> **Assignment**
Please reproduce the data exactly and omit the pictures.

> **Data block**

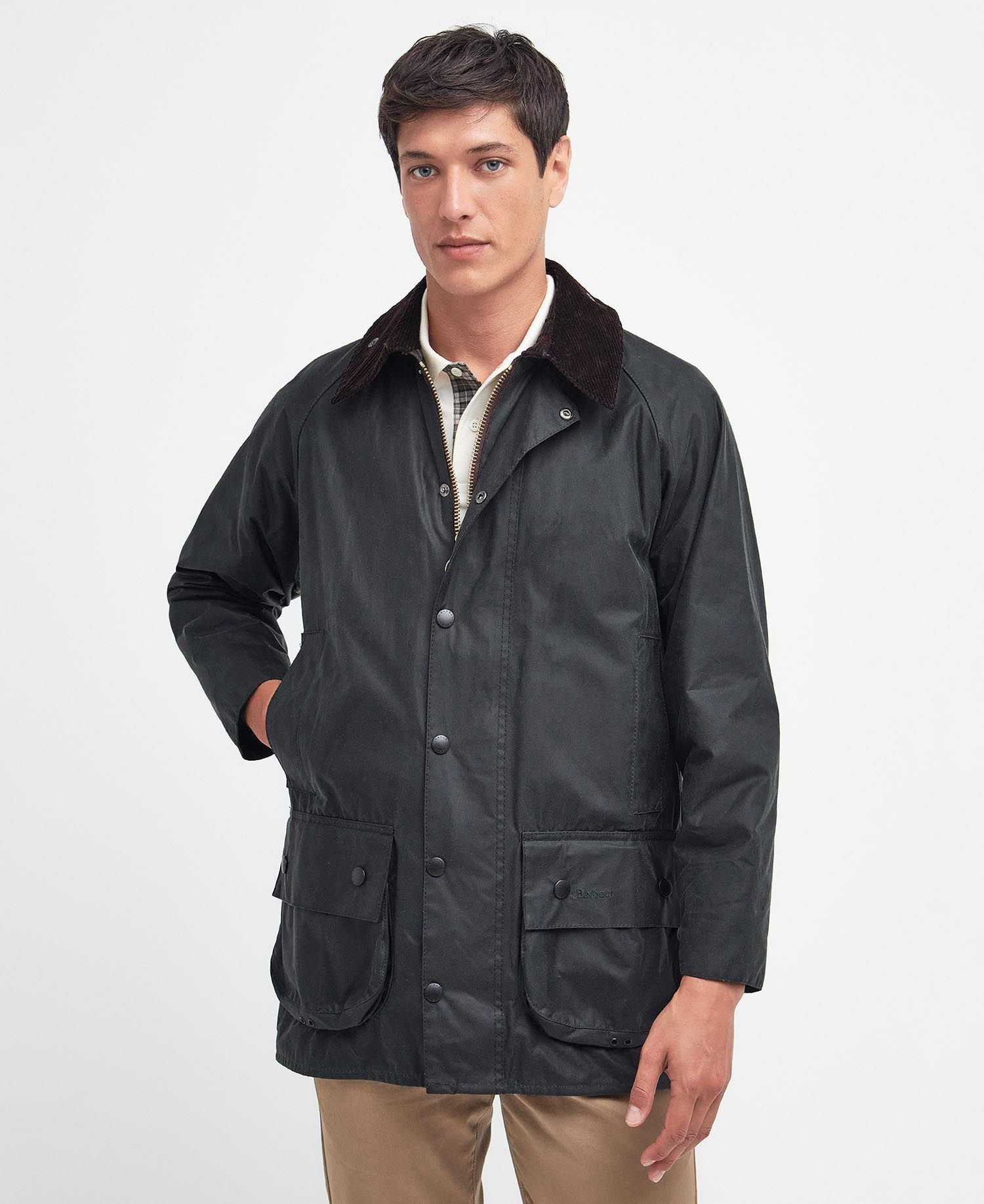 Barbour beaufort sales mens Pink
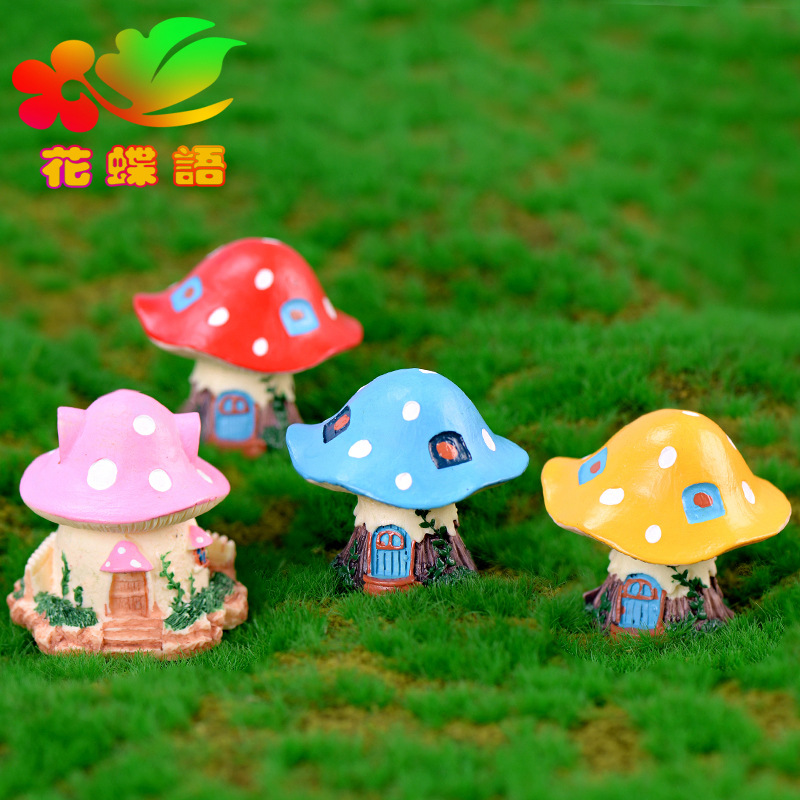 Colorful Garden Mushroom House - Bonsai Garden World recension och pris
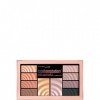 Maybelline New York Total Temptation Palette Fard à Paupières Yeux et Illuminant Visage, 8 Fards à Paupières aux Tons Pastel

> **Problem solution**
 Barbour beaufort sales mens Pink
 Colorful Garden Mushroom House - Bonsai Garden World recension och pris
 Maybelline New York Total Temptation Palette Fard à Paupières Yeux et Illuminant Visage, 8 Fards à Paupières aux Tons Pastel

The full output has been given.